◆ **WHAT YOU NEED TO DO**: Return, with both end lines included, exactly what the data below holds from the line with "mitsubishi endeavor 2011" through the line with "2025 Ford Escape Plug-In Hybrid PHEV", though not the pictures.

━━ EXERCISE INPUTS ━━

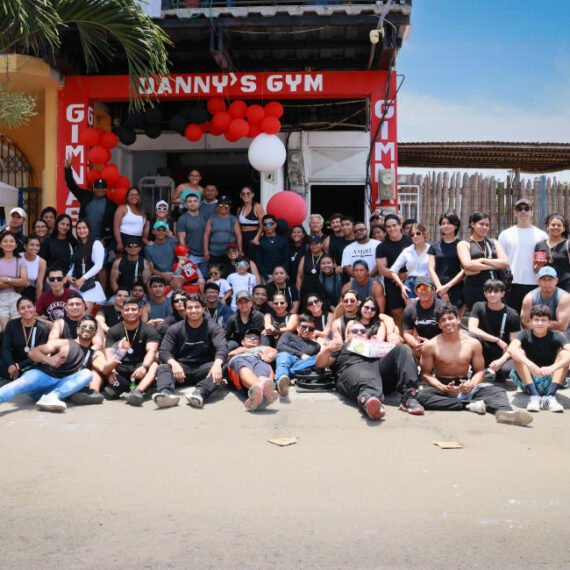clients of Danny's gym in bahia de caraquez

━━━
━━ EXERCISE INPUTS ━━

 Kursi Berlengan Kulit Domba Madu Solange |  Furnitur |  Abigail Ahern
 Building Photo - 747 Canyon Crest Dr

━━━
━━ EXERCISE INPUTS ━━

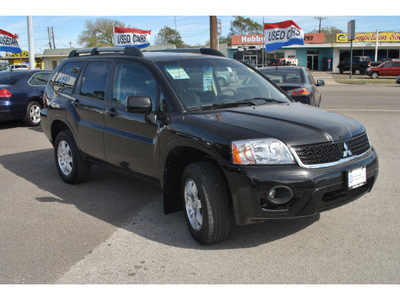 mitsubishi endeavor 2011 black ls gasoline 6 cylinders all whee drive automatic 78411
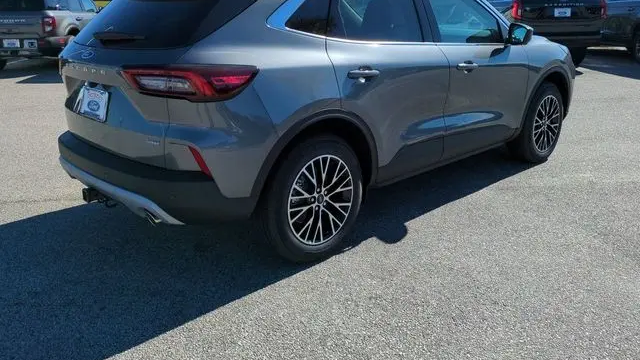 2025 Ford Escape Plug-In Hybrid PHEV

━━━

◆ **FINAL ANSWER**:
 mitsubishi endeavor 2011 black ls gasoline 6 cylinders all whee drive automatic 78411
 2025 Ford Escape Plug-In Hybrid PHEV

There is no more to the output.